(Written by Omkar Gokhale)
With the Maharashtra State Human Rights Commission (MSHRC) struggling to get a spacious office ever since it was established in 2001, the Bombay High Court last month directed the state government to take possession of a new office allotted to MSHRC in MTNL Building at Colaba. It also asked the government to appoint a full-time MSHRC chairperson, a post that has remained vacant for nearly two years.
A division bench of Justice S C Dharmadhikari and Justice R I Chagla passed the order on January 29 while hearing a public interest litigation (PIL) filed by social activist Naresh Gosavi in connection to vacancies in MSHRC, the need of a bigger office and providing the commission adequate funds to ensure its financial autonomy. The court has been hearing the PIL for the last seven years.

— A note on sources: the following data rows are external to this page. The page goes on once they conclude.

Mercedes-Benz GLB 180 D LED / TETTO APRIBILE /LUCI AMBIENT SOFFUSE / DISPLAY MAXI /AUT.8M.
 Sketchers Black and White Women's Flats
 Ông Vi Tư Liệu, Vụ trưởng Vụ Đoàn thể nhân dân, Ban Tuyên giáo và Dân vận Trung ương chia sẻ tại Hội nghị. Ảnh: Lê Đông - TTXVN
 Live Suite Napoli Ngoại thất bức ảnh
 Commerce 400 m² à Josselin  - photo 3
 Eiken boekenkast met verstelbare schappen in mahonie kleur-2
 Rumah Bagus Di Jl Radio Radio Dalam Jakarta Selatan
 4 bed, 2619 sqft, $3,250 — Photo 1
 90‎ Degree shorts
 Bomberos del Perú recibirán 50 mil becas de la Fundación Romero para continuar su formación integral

In a July 2019 order, the HC had mentioned that MSHRC had been issued a letter of allotment to occupy a 6,800-sq ft area at MTNL Building in Colaba as its office. The MSHRC currently functions from a small temporary office in a government building in south Mumbai.
Noting that since March 2001, MSHRC did not have a permanent office, the HC pulled up the state government for not making the statutory body fully functional. As Additional Government Pleader Geeta Shastri told the HC that the procedure related to alloting the office space is complete, the bench directed the MSHRC registrar to take possession of the premises at the earliest.
An earlier affidavit filed by the registrar had pointed to massive space shortage being faced by MSHRC, leading to operational issues. It had stated that in 2001, the commission had demanded a space measuring approximately 8,000 sq ft for its office. However, taking into consideration the urgency and especially the ideal location, the MSHRC had accepted the government’s proposal allotting a 2,800 sq ft office at Hazarimal Somani Marg, opposite the Chhatrapati Shivaji Maharaj Terminus, following court intervention.
The court had also noted on January 20 that the post of full-time chairperson fell vacant after Justice S R Bannurmath, the former Chief Justice of the Kerala High Court, completed his term in January 2018. The HC had earlier as well pressed for implementation of its previous orders to lessen burden on MSHRC that is grappling with pending cases. As per the 2017 progress report of MSHRC, 14,388 cases were pending before it.
“Currently, there is no chairperson to head the commission and one member also needs to be nominated or appointed. Apparently, the commission is functioning with only one member,” the court had noted last July.
On January 29, AGP Shastri submitted that the government is waiting for the court’s registry to send a list of names of former chief justices who are willing to become the MSHRC chairperson. She also submitted that even a retired high court judge is now eligible for appointment as a chairperson. Following this, the court directed its registry to forward the list of names quickly. The court has posted the PIL for a hearing on February 13.